In a matter of less than a month my system went from using north of 2 1/2 gallons of kalk a day to needing no supplementation, and only consuming about 1-2 ppm of alkalinity daily. Growth pretty much seems to have stopped overnight.
The only change I made to the system is I decided to try to clean up my Rubbermaid sump, and put a power head in there to stir things around a bit and started running around 150-200 gph of sump water through a 10 micron sock 24/7. The sump wasn't in that bad of shape, I had cleaned it out via a water change a couple of months ago. I was changing out a 7x14 sock every three or four days. System volume is 450+/- gallons.
I was into it for a few weeks, maybe a month, when things went south.
By the time I realized something was out of whack, alkalinity had risen from a rock-solid 127ppm to 16ppm over the course of little over a week. Which, of course, has led to tip burn on any acros, and even had my stylo colony looking so ragged I gave it away so I wouldn't lose it.
I had noticed my ph was slowly climbing, but nothing dramatic. Maybe an average of 0.1 over the course of a month. ORP was more noticeable, probably a 10-15% rise.
So, I'm left wondering..
Did the constant removal of junk from the water column allow the alk to rise, since there was less stuff in the water decaying?
Or, was the constant removal taking out all the food present in the water column, so the corals started to starve, and that's what stopped the growth?
The tank is fed heavily, daily. Pellets in an auto feeder throughout the day, a sheet of nori or more, and at least a 1"x1"x1" cube of frozen.

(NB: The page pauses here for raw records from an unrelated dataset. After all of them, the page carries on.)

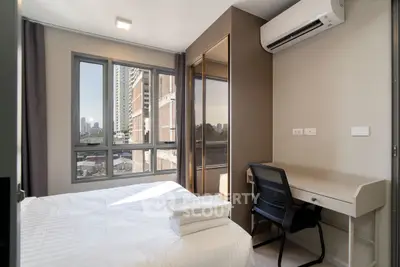 Modern bedroom with city view, featuring sleek furniture and ample natural light.
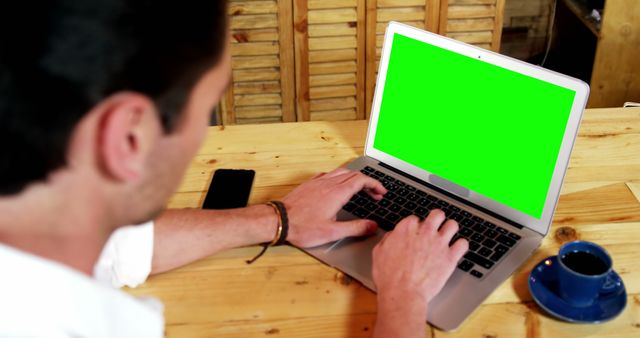 Man working on laptop with green screen in cozy cafe - Download Free Stock Images Pikwizard.com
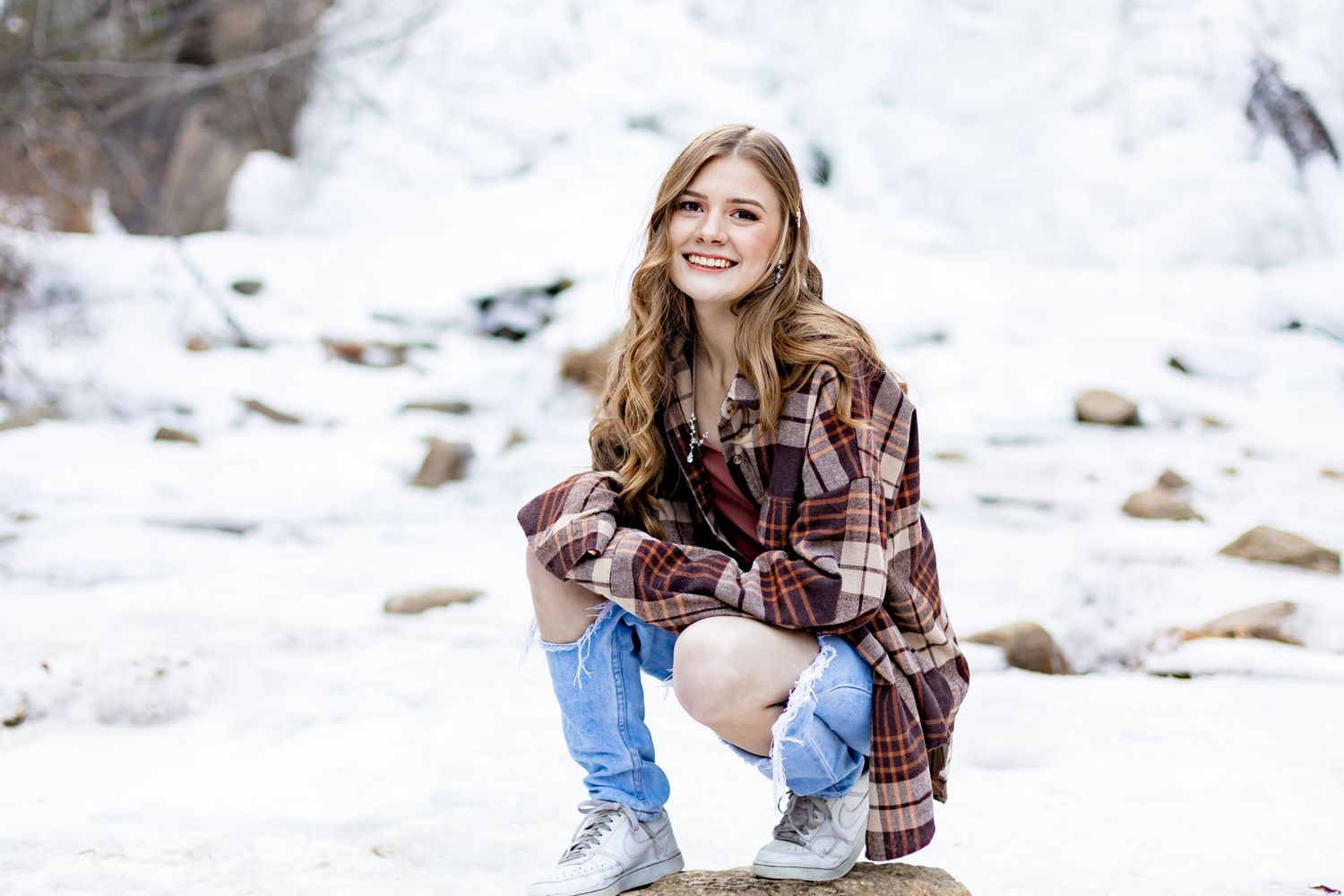 Senior girl squats on the ice and smiles at Helen Hunt Falls in Colorado Springs, Colorado.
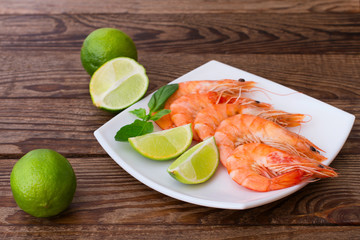 Delicious fresh seafood shrimp with lime on wooden table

Any insight is appreciated.
TIA
 
Not sure if this is the right forum to post this. If not, Mods please move.

In a matter of less than a month my system went from using north of 2 1/2 gallons of kalk a day to needing no supplementation, and only consuming about 1-2 ppm of alkalinity daily. Growth pretty much seems to have stopped overnight.
The only change I made to the system is I decided to try to clean up my Rubbermaid sump, and put a power head in there to stir things around a bit and started running around 150-200 gph of sump water through a 10 micron sock 24/7. The sump wasn't in that bad of shape, I had cleaned it out via a water change a couple of months ago. I was changing out a 7x14 sock every three or four days. System volume is 450+/- gallons.
I was into it for a few weeks, maybe a month, when things went south.
By the time I realized something was out of whack, alkalinity had risen from a rock-solid 127ppm to 16ppm over the course of little over a week. Which, of course, has led to tip burn on any acros, and even had my stylo colony looking so ragged I gave it away so I wouldn't lose it.
I had noticed my ph was slowly climbing, but nothing dramatic. Maybe an average of 0.1 over the course of a month. ORP was more noticeable, probably a 10-15% rise.
So, I'm left wondering..
Did the constant removal of junk from the water column allow the alk to rise, since there was less stuff in the water decaying?
Or, was the constant removal taking out all the food present in the water column, so the corals started to starve, and that's what stopped the growth?
The tank is fed heavily, daily. Pellets in an auto feeder throughout the day, a sheet of nori or more, and at least a 1"x1"x1" cube of frozen.

Any insight is appreciated.
TIA

Have you tested your other water pramameters? What's your N03 and P04 at?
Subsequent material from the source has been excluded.